“From the political perspective risk assessment becomes a highly political process of claiming which percentage is associated with which risk, privileging specified over general resilience. The key question we felt should not be what is the proportional risk associated with which threats, but which disasters were more likely to reduce overall resilience of the system. Preparedness for and response to particular disasters involves clearly defined players and is much easier to plan for and implement than trying to avoid unspecified disasters, i.e., risk reduction. The latter is much more wide ranging and difficult yet it is most needed, in the opinion of the group. The cost of not maintaining general resilience is much harder to estimate and the cost of doing so harder to justify.

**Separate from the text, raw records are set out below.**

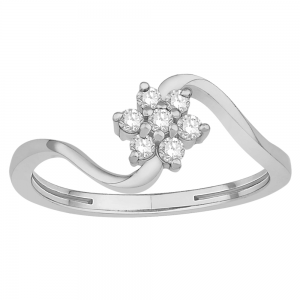 Gorgeous Casual Diamond Rings for Women JFG1297W
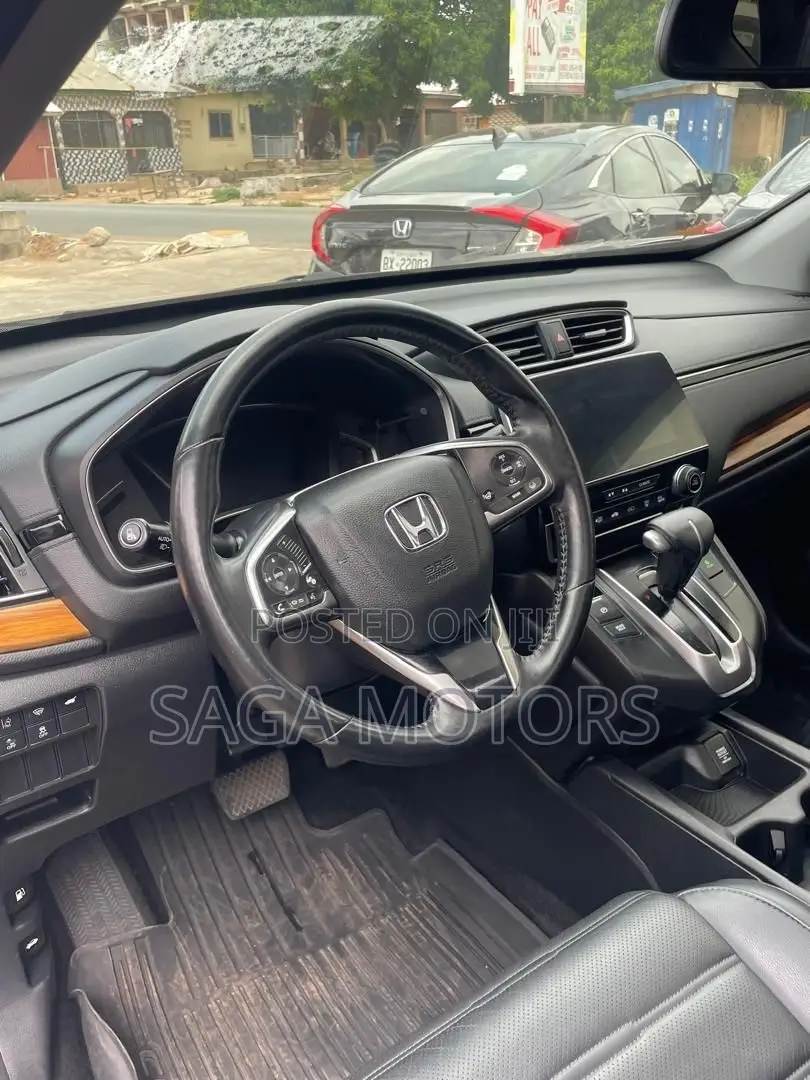 Honda CR-V 2018 Gray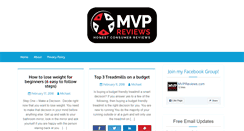 Desktop Screenshot of mvpreviews.com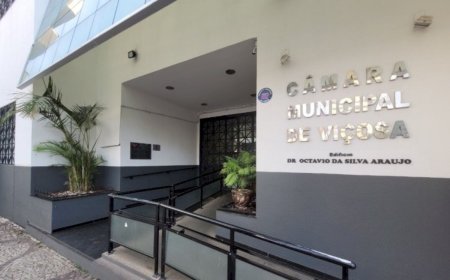 Câmara de Viçosa rejeita pedido para barrar contratação de escritório para revisar Lei Orgânica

This results in a tendency to focus on outputs that can be measured, as opposed to outcomes that are longer term involving complex interactions, and less easy to measure.”

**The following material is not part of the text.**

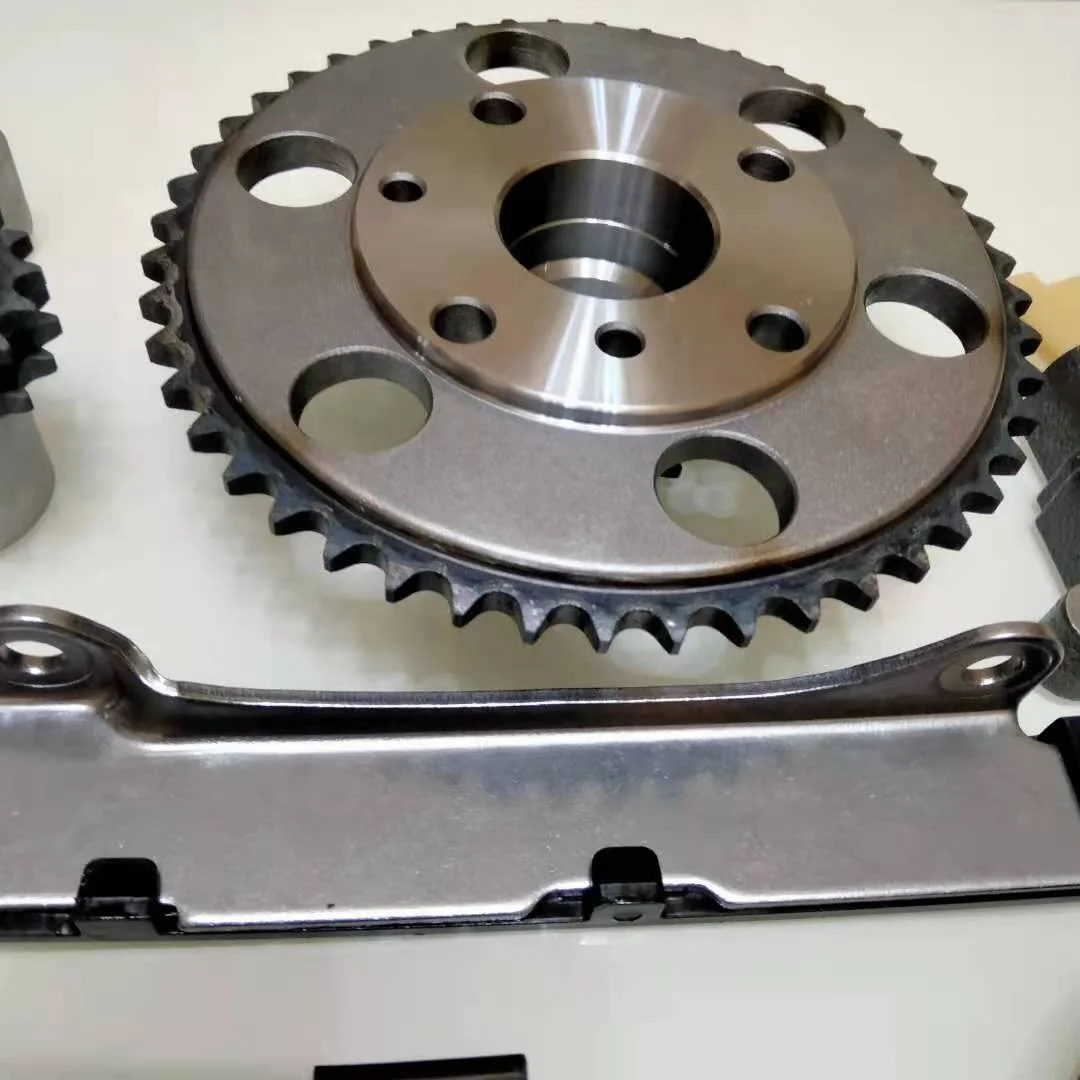 Yd25 مجموعات سلسلة التوقيت لنيسان نافارا Np300 باثفندر باترول بريساج 2002-2008 Yd25ddti المحرك 13028-ad202 13070-bn310 KB-14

Walker, B., and F. Westley. 2011. Perspectives on resilience to disasters across sectors and cultures.
Ecology and Society 16(2): 4. [online] URL: http://www.ecologyandsociety.org/vol16/iss2/art4/
And, from a recent presentation on the weather we can expect in the future, Karl Braganza made the point that we shouldn’t expect to see a great deal of “weird weather” that we have never seen before, but rather much more frequent occurences of currently “unusual” weather.
It’s not the right question, he said, to ask “is this event caused by climate change?” but rather “is this consistent with what we’re likely to see a lot more of in the future?”